Sede de movimento lésbico não tem identificação externa; nas ruas da capital, namoradas fingem que são apenas amigas
Projeto de lei que institui pena de morte para crime de homossexualismo agravado está em debate no Congresso do país da África central
Às sextas-feiras à tarde, numa casa com portão de ferro, pesado cadeado e muros altos na periferia de Campala, a pequena comunidade lésbica da capital de Uganda se reúne. Lá é a sede da Farug (sigla em inglês para Liberdade de Caminhar em Uganda), uma ONG de direitos de “kuchus”, a gíria local para homossexuais.
As mulheres vão ali para conversar, namorar, tomar cerveja, assistir a filmes gays e usar a internet sem medo de estarem sendo espionadas pelo governo numa lan house.
Para evitar qualquer tipo de retaliação, não há nenhuma identificação na porta. Para disfarçar, uma das diretoras da entidade mora num quarto no imóvel, proporcionando um álibi para o caso de alguma autoridade aparecer: ali, seria apenas uma residência.
“Quando vem alguém olhar o medidor de água ou luz, nós fechamos as cortinas da área interna”, diz Warry Ssenfuka, 27, diretora-financeira da ONG. Assim, as pequenas bandeiras com as cores do arco-íris, símbolo internacional do movimento gay, não são percebidas na sala.
A vida para os homossexuais em Uganda, país da África central cujo Parlamento debate atualmente um projeto de lei que institui a pena de morte para casos de “homossexualismo agravado”, é de cautela. A legislação atualmente proíbe apenas o ato homossexual, mas o sentimento homofóbico é grande na população. “Sou verbalmente agredida toda semana”, diz Stosh Mugisha, 33, que se diz lésbica desde os 16 anos.
Disfarce difícil
As mulheres homossexuais dizem que para elas é mais difícil esconder a condição do que para os homens. Estão sempre de calças largas, óculos escuros e usam dreadlocks no cabelo.

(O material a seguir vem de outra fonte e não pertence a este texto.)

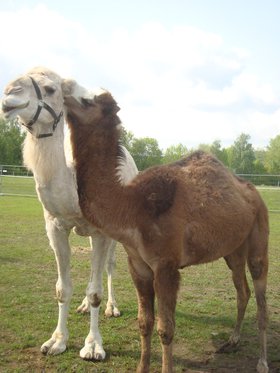 Monter à dos de chameau - Pour toute la famille 5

Para os homens, ironicamente, é a mesma cultura tradicional de Uganda, agora invocada para a ofensiva governamental contra o homossexualismo, que oferece uma válvula de escape. Como em grande parte da África, no país é comum homens heterossexuais andarem pelas ruas de mãos dadas. Assim, dois homens gays que namoram podem passear pela cidade de mãos dadas sem despertar suspeitas.
Mas a regra geral é ser discreto. “Eu e minha namorada saímos juntas para um bar ou restaurante como amigas”, afirma Ssenfuka, fazendo um gesto que indica aspas na palavra amigas. “Se eu arriscar dar um beijo em público, eu posso facilmente ser agredida”, diz ela.
Fundada em 2003, a Farug tem hoje cerca de 60 integrantes, todas lésbicas. Sua conta no banco está no nome de um clube esportivo fictício, para não levantar suspeitas. Grande parte do financiamento vem de ONGs de direitos dos gays em países como Estados Unidos, Quênia e Austrália. Mas as diretoras pedem que os doadores não se identifiquem.
Mesmo com tamanha discrição, um dia a polícia apareceu no local, num ato ostensivo de intimidação. Um policial saiu do carro, mostrou armas e saiu cantando pneus.
“A polícia não nos ajuda. Quando eu sofro violência, vou à delegacia, mas eles ignoram. Afirmam que eu provavelmente me machuquei porque estava bêbada”, diz à Folha Diana Bakuraira, 29.